13 Merging
We often find we want to combine the data in two separate data sets, in order to do some analysis. This is often referred to as a merge or a join.
There are two very straightforward cases to consider first:
- Adding the observations in one data set as new observations in a second data set. This is sometimes also called “appending” data sets.
- Adding the variables in one data set as new variables to the observations in a second data set. The term “merge” is sometimes reserved to mean this, and is sometimes also called a “match merge”.
13.1 Appending Data Set Observations
Consider an example. We can start with the mtcars
data, and construct
two data frames - one with manual transmission cars, the other with
automatic transmission cars.
manual <- subset(mtcars, am==1)
automatic <- subset(mtcars, am==0)
Here there are 13 observations in the data frame manual
and 19 observations in the data frame automatic
.
Both data frames have 11 variables/columns.

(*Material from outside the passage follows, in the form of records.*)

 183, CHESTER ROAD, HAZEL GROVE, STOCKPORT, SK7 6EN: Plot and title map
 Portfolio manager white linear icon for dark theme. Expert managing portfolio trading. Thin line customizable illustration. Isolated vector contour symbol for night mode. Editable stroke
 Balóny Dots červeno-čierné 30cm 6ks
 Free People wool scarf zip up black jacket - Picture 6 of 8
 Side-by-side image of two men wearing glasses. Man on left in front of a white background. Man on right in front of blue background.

To put both types of cars in one data frame, the simplest approach
is to use the rbind
function.
allcars <- rbind(manual, automatic)
# Check the number of observations
nrow(allcars) == nrow(manual) + nrow(automatic)
[1] TRUE
13.1.1 Some rbind
Details
13.1.1.1 Matching Variables
A limitation of rbind
is that both data frames must include
all the same variables.
manual_disp <- subset(manual, select=c("mpg", "disp"))

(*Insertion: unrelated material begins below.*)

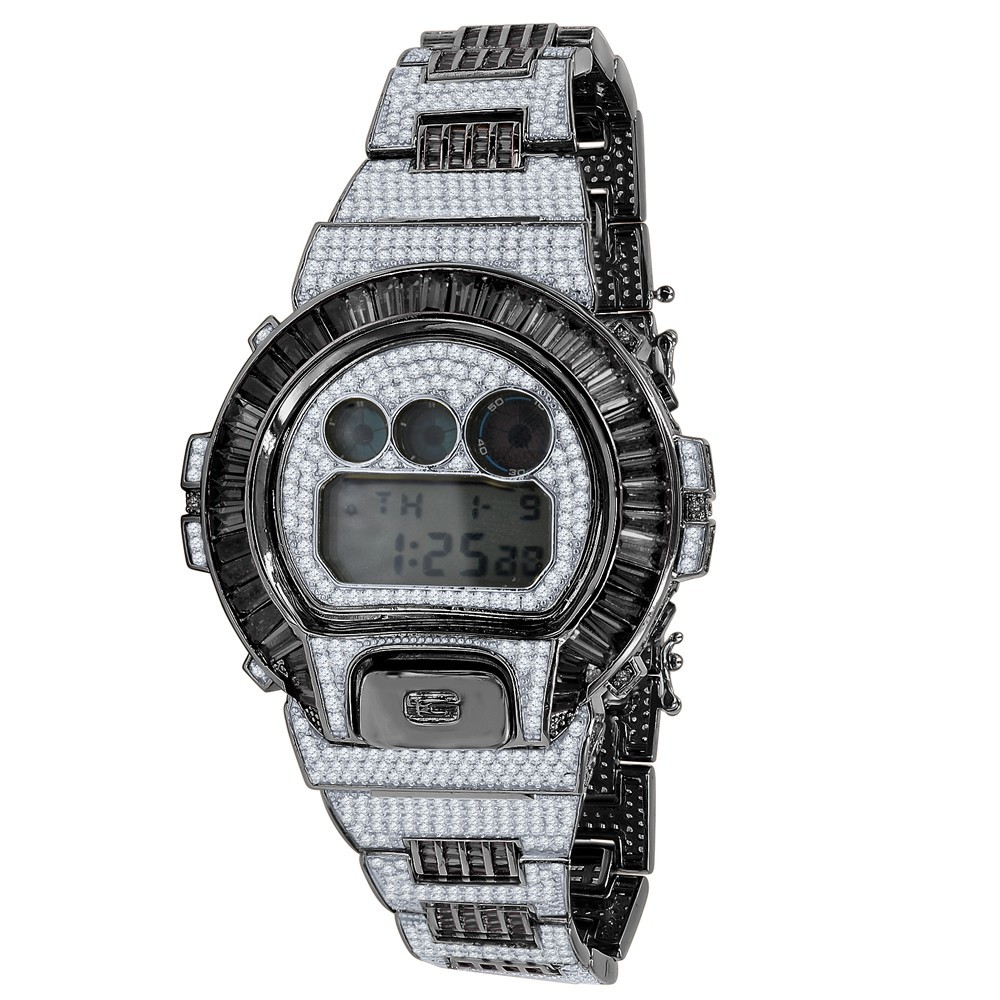 2 Tone Black Gold VVS1/D 22.77 Ctw. Baguette Cut Zirconia G-Shock DW6900 Watch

automatic_hp <- subset(automatic, select=c("mpg", "hp"))
diffvars <- rbind(manual_disp, automatic_hp)
Error in match.names(clabs, names(xi)): names do not match previous names
(We will see a solution to this problem later, using merge
.)
13.1.1.2 Variable Order
Variables do not need to appear in the same order.
manual <- subset(manual, select=c("mpg", "disp"))
automatic <- subset(automatic, select=c("disp", "mpg"))
lessvars <- rbind(manual, automatic)
head(lessvars)
mpg disp
Mazda RX4 21.0 160.0
Mazda RX4 Wag 21.0 160.0
Datsun 710 22.8 108.0
Fiat 128 32.4 78.7
Honda Civic 30.4 75.7
Toyota Corolla 33.9 71.1
nrow(lessvars)
[1] 32
ncol(lessvars)
[1] 2
13.1.1.3 Variable Types
If variables with the same name are not of the same type, they
will be coerced to the most general type. Here, numeric
values in the manual
data frame are coerced to character
values by rbind
.
automatic$disp <- as.character(automatic$disp)
str(automatic)
'data.frame': 19 obs. of 2 variables:
$ disp: chr "258" "360" "225" "360" ...
$ mpg : num 21.4 18.7 18.1 14.3 24.4 22.8 19.2 17.8 16.4 17.3 ...
difftypes <- rbind(manual, automatic)
str(difftypes)
'data.frame': 32 obs. of 2 variables:
$ mpg : num 21 21 22.8 32.4 30.4 33.9 27.3 26 30.4 15.8 ...
$ disp: chr "160" "160" "108" "78.7" ...
Notice that you do not get any warning that the type has been changed!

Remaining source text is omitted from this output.